EXERCISE AIM:
Reproduce exactly the run of lines that begins with the one containing "Cắt môi trái" and ends with the last line of the records, omitting pictures.

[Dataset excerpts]
[Start of section]
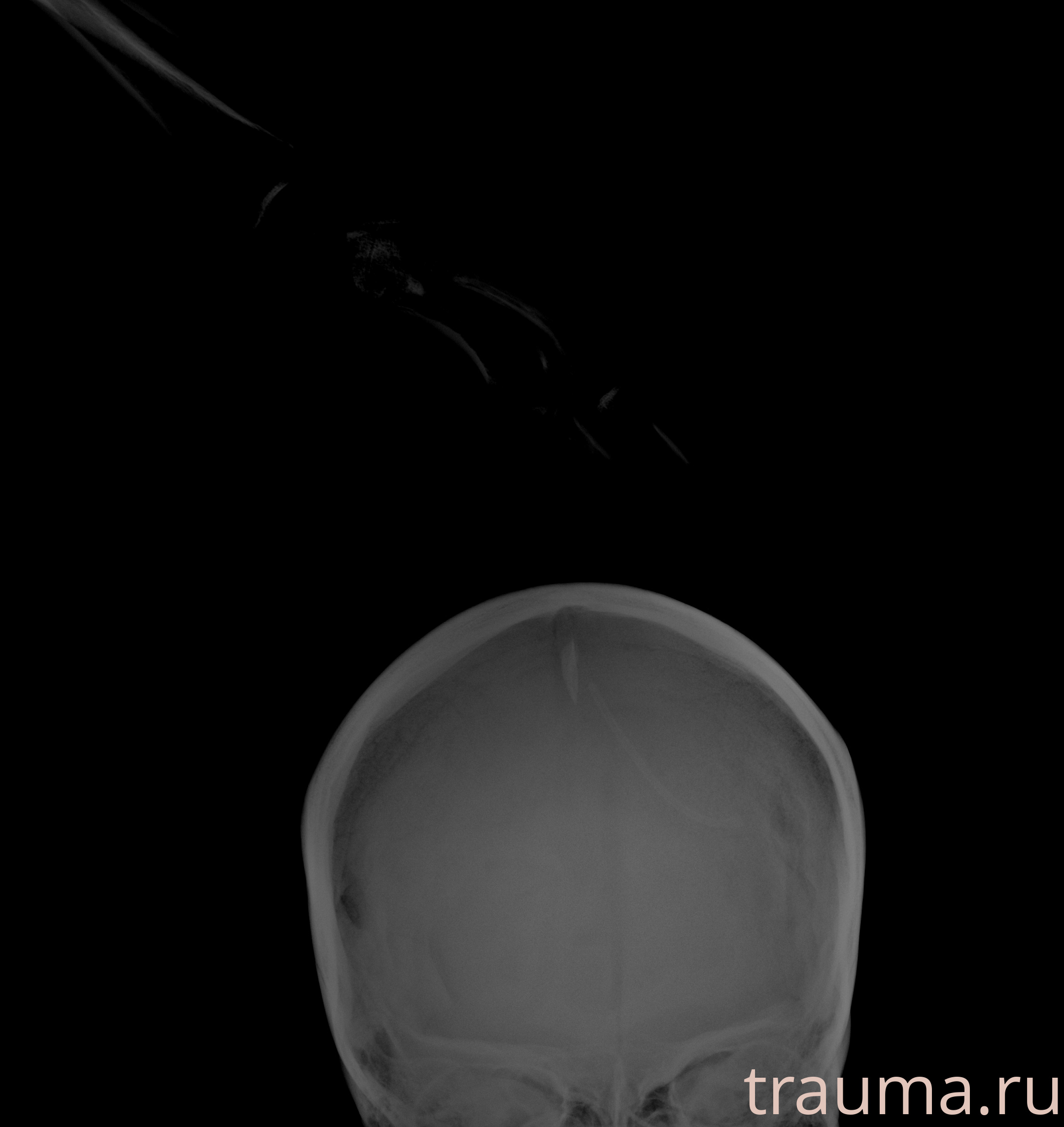 Рентген на дому: по вашему адресу приезжает врач-рентгенолог, травматолог-ортопед с мобильным рентгеновским аппаратом, проводит диагностику травмы или заболевания, делает необходимые рентгенограммы, дает рекомендации по дальнейшему лечению. Получить качественные снимки в домашних условиях возможно благодаря уникальной методике, разработанной МосРентген Центром для института  Склифосовского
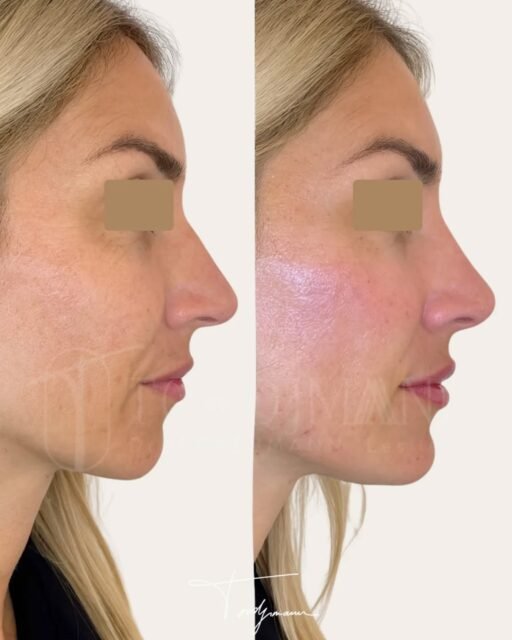 En profiloplastie, l’harmonie du profil dépend aussi des références anthropométriques propres à chaque origine ethnique.
La profiloplastie selon la méthode IDENTITY™ repose sur une analyse anthropométrique complète, intégrant les proportions du nez, du menton et des lèvres, mais aussi les normes liées à l’origine ethnique du visage.
Chez cette patiente d’origine européenne, les références anthropométriques montrent classiquement un nez avec un dorsum rectiligne ou légèrement concave, une pointe définie sans excès de projection et un équilibre précis avec le menton.
L’analyse a mis en évidence que le déséquilibre perçu ne provenait pas uniquement du nez, mais d’un déficit de soutien du menton modifiant la lecture globale du profil.
Une injection ciblée du menton a permis de restaurer la projection du tiers inférieur, tandis que le nez a été travaillé de façon mesurée pour lisser la ligne de profil sans créer une forme inadaptée à son origine.
Les lèvres ont été ajustées subtilement afin de respecter les rapports nez–lèvres attendus dans l’anthropométrie européenne et d’assurer une continuité harmonieuse du profil.
Ce résultat illustre une prise en charge guidée par les normes anthropométriques européennes, permettant d’obtenir un profil équilibré, cohérent et naturel, sans standardisation ni perte d’identité.
La méthode IDENTITY™ applique l’anthropométrie ethnique pour adapter chaque geste d’injection au visage traité, et non l’inverse.
Disclaimer :
Ces images illustrent le résultat obtenu chez un patient précis, dans un contexte anatomique et ethnique donné.
Ce résultat ne garantit en aucun cas l’obtention d’un résultat identique chez d’autres patients. Chaque prise en charge est individualisée et dépend de l’anatomie, de l’origine ethnique, des indications médicales et de la réponse propre à chacun.
#profiloplastie
#anthropometriefaciale
#harmonisationfaciale
#methodeidentity
#medecineesthetique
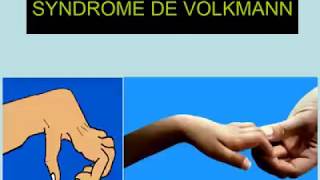 Syndrome de VOLKMANN  Traumatologie [upl. by Lupien]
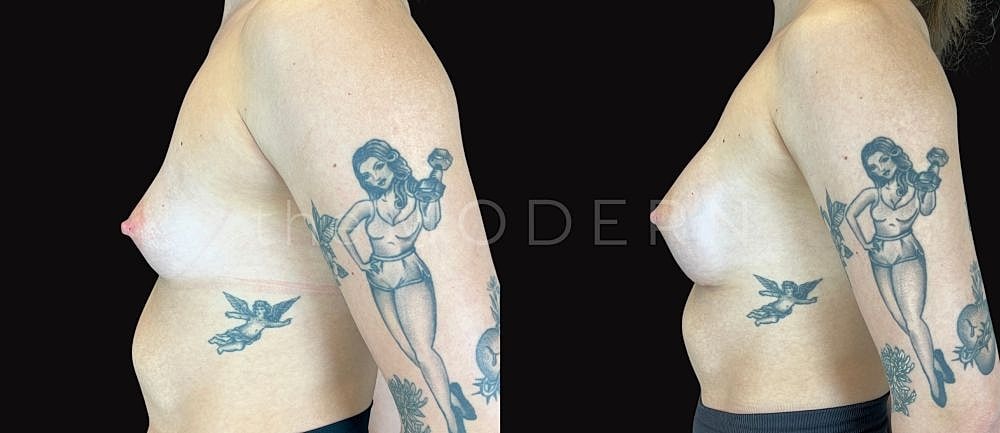Side profile of a tattooed person before and after.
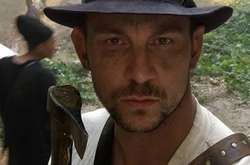 И для звезд вакцины нет: Валерия Харчишна покусала собака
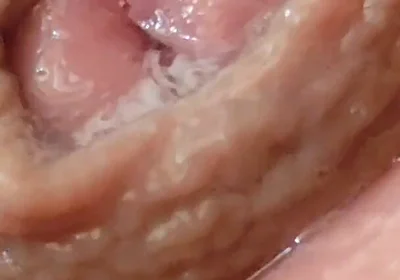 Juice From the Glans When Excited to the Extreme.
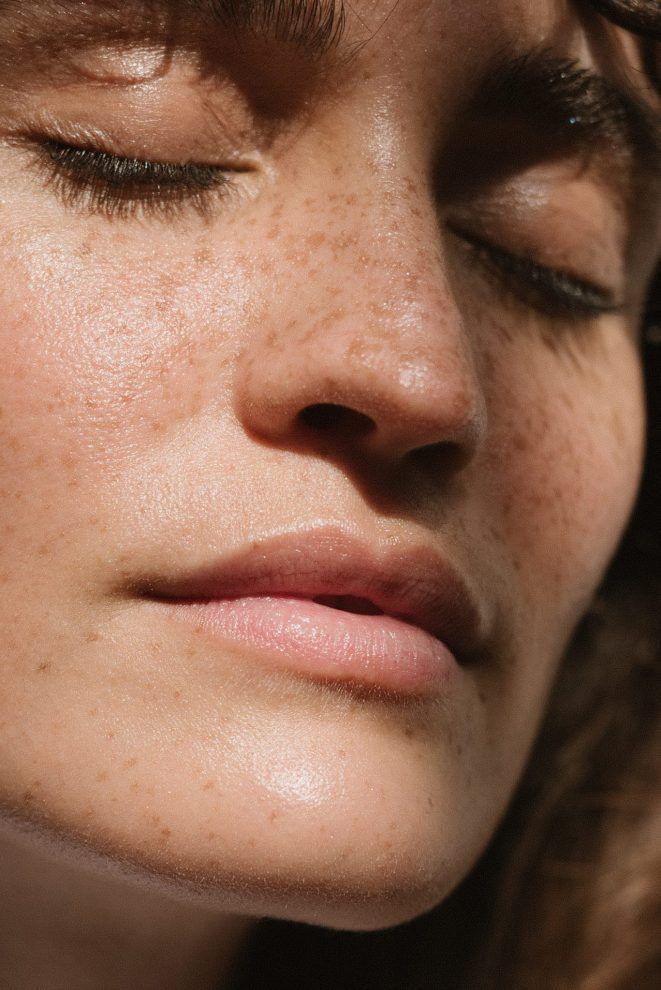 Blackheads/Pores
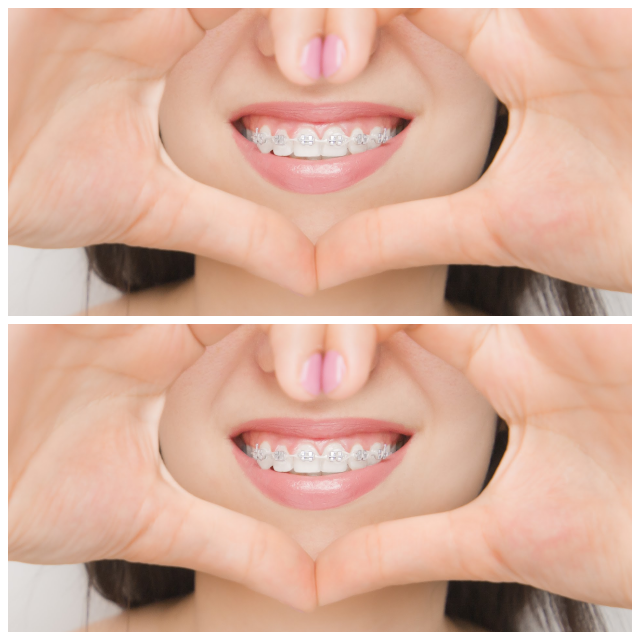 Review Quintero orthodontics image 342254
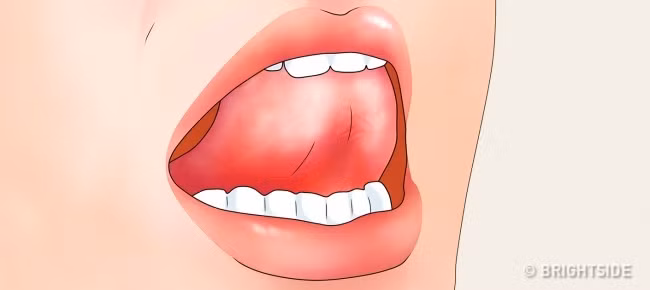 Chỉ một số ít người trên thế giới sở hữu đặc điểm lạ lùng này - Ảnh 13.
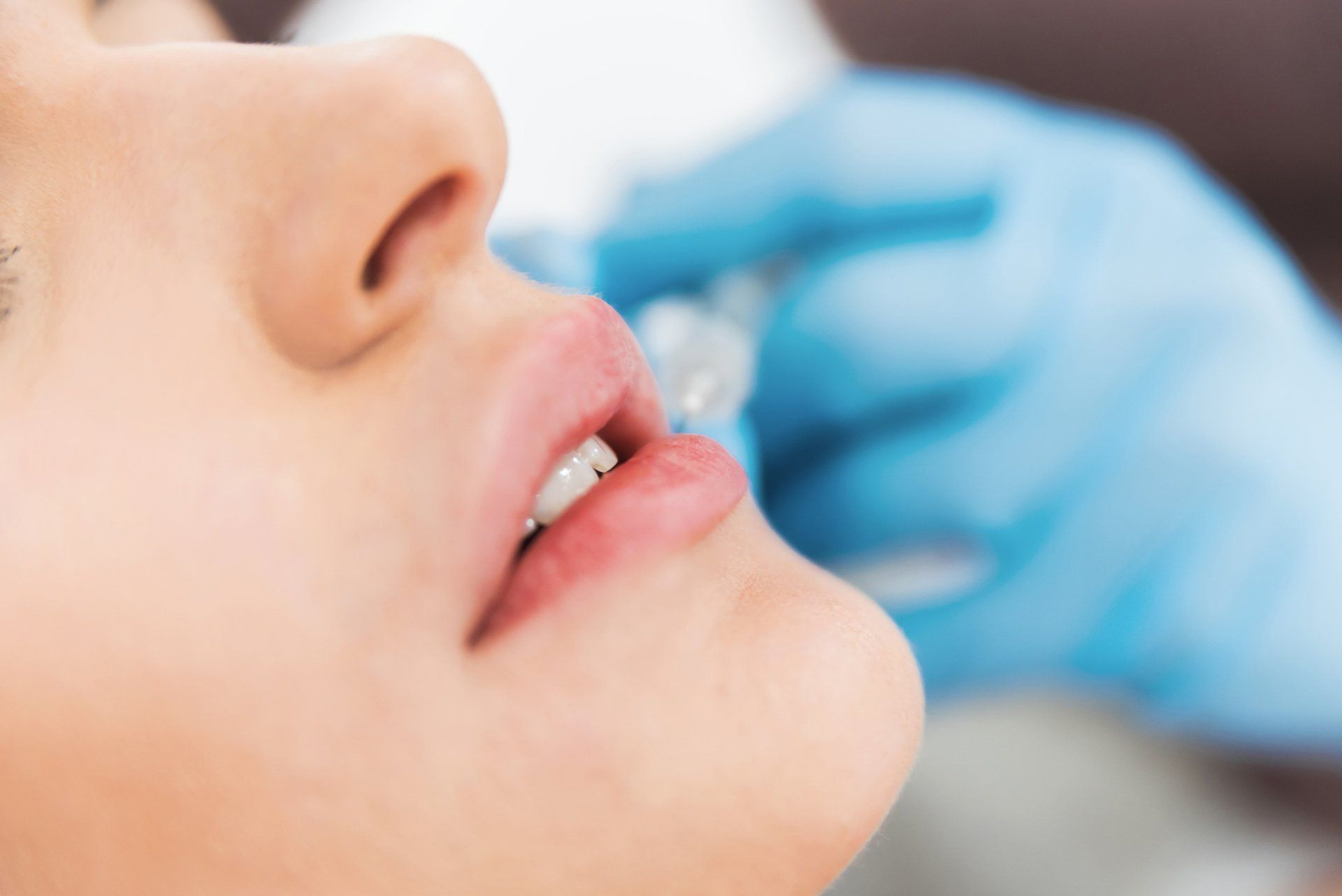 Lip Hyaluron Filler — Casper, WY — Pretty Please Aesthetics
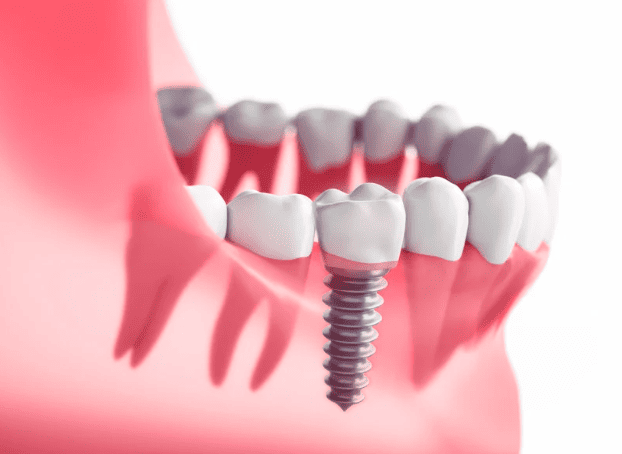 Dental Implants 種牙/植牙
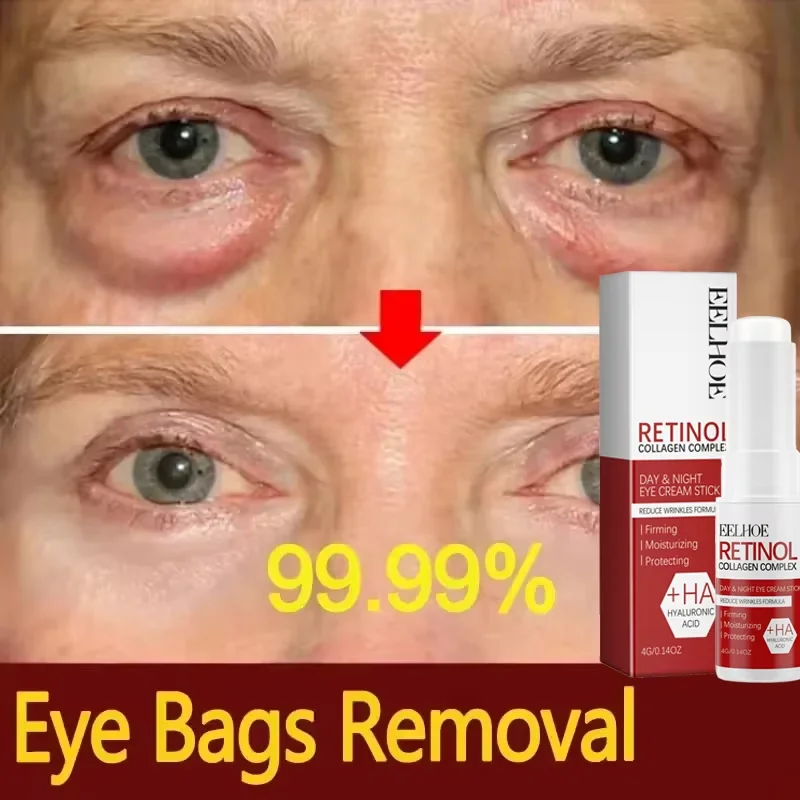 Crema para ojos con Retinol, barra multibalm de colágeno, Reduce las arrugas, bolsa para ojos, ácido hialurónico, antiojeras, hinchazón, productos para el cuidado de los ojos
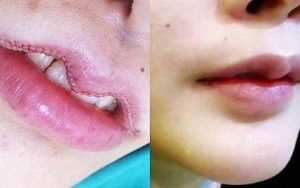 Cắt môi trái tim bị hở răng là biến chứng do thực hiện sai kỹ thuật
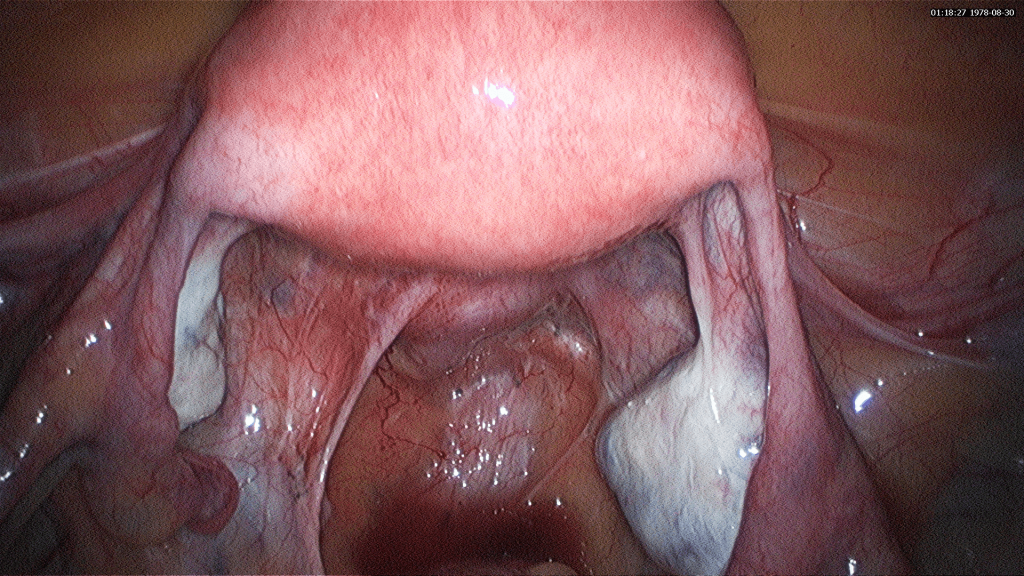 laparoscopic hysterectomy before and after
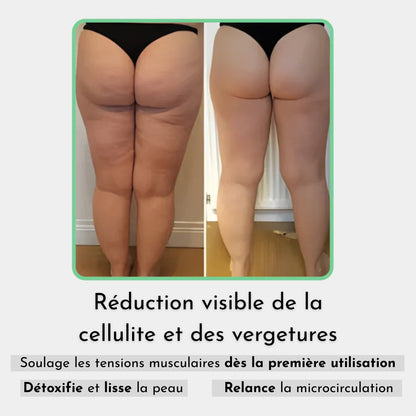 Heymily™ Masseur Anti Cellulite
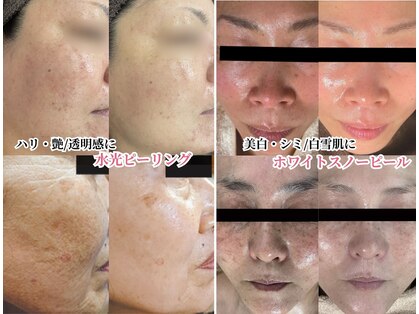 ミレット(Miretto)の写真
[End of section]
YOUR RESPONSE:
 Cắt môi trái tim bị hở răng là biến chứng do thực hiện sai kỹ thuật
 laparoscopic hysterectomy before and after
 Heymily™ Masseur Anti Cellulite
 ミレット(Miretto)の写真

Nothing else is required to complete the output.